Really well-written article and some really well-thought responses. Kudos all.
Regarding your scenario 1 (technological great filter), yes, that’s the scariest and most difficult to refute.
Regarding your scenario 2 (they’re among us), it is possible, especially if they’re watching from afar (say the Oort Cloud, or even a nearby solar system), which would make it quite unlikely that we’d already see them.
Regarding your scenario 3 (technological civilizations are highly unlikely), that may end up the easiest scenario to believe and be with. You say that, “If any step in the evolution to intelligence was vanishingly unlikely, that step would most likely have taken a disproportionately long time on Earth.” Yes, that would most likely be true, but if only one occurrence has happened, it could have happened in a relatively unlikely manner.
Adding to that from Scott McGregor’s excellent analysis, technological civilizations may need a long time (>200 mega-years) to develop before they can leave their planet of origin.

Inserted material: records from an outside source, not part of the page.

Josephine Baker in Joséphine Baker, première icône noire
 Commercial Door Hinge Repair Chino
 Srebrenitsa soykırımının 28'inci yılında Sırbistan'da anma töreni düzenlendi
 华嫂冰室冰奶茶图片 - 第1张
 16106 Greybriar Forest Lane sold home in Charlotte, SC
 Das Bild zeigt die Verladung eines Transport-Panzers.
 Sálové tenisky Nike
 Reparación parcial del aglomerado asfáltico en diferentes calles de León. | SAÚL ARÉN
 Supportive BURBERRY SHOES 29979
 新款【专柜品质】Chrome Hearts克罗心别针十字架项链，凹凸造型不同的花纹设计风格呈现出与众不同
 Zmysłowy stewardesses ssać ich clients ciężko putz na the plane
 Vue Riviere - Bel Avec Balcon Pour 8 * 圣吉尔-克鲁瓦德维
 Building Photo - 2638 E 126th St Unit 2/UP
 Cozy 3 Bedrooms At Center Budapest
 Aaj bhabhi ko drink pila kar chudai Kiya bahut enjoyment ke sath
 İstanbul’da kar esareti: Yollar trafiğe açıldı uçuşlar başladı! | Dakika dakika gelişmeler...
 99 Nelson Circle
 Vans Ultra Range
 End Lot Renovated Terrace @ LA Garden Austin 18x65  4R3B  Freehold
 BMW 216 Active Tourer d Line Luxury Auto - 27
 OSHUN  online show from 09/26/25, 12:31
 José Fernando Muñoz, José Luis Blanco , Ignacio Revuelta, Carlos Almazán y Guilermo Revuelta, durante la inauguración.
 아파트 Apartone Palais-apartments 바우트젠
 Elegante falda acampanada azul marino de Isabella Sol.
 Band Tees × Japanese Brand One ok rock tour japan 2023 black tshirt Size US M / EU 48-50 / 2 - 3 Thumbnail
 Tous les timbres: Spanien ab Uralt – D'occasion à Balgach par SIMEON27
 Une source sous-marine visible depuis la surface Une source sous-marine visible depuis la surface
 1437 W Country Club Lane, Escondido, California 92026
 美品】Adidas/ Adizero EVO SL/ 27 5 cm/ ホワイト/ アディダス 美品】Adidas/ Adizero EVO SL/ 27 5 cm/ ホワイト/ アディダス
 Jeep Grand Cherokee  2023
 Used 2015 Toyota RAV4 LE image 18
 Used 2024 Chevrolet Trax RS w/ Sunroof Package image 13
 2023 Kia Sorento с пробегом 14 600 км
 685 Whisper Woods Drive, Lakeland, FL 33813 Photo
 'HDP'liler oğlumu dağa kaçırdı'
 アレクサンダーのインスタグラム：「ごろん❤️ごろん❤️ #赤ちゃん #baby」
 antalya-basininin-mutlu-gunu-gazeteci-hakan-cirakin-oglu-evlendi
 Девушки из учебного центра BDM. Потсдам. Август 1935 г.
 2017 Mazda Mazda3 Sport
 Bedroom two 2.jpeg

This may make it more probable for an extinction event to occur too early in dense stellar neighborhoods.
Additional “filters” include:
- Have to be within the Goldilocks zone around the exoplanet’s star
- Older stars tend to be metal-poor, which may make it more difficult for a star-faring technology to evolve, even if intelligent life manages to evolve
- Very young stars may not have planets mature enough for technological civilizations to have developed
- Massive stars may pour out so much radiation that they may make their Goldilocks zone inhospitable for complex life forms
- Planets without a magnetic field lose their atmospheres due to stellar winds (a la Mars), possibly before technological societies can develop from whatever life may have evolved on those planets
- Rocky planets that are significantly larger than the Earth may make it impossible for even a technological society to reach space due to the energy density required to reach escape velocity
Given all these filters, and possibly others, it may be that the probability of a technological society developing anywhere isn’t very high, and since the density of stars in our galactic neighborhood is relatively low, we may be the first to develop within a distance across which we can detect others with technologies we’ve already deployed.
Alternatively, it’s possible that such societies develop more frequently, but that their mean lifetime before collapsing to the point that they’re no longer detectable by us is much shorter than the mean time between such civilizations developing. For example, if once such a civilization reaches detectibility it survives on average 10 mega-years, but such civilizations only arise about once every 100 mega-years in our galaxy, then the likelihood is that we’d never see anybody else.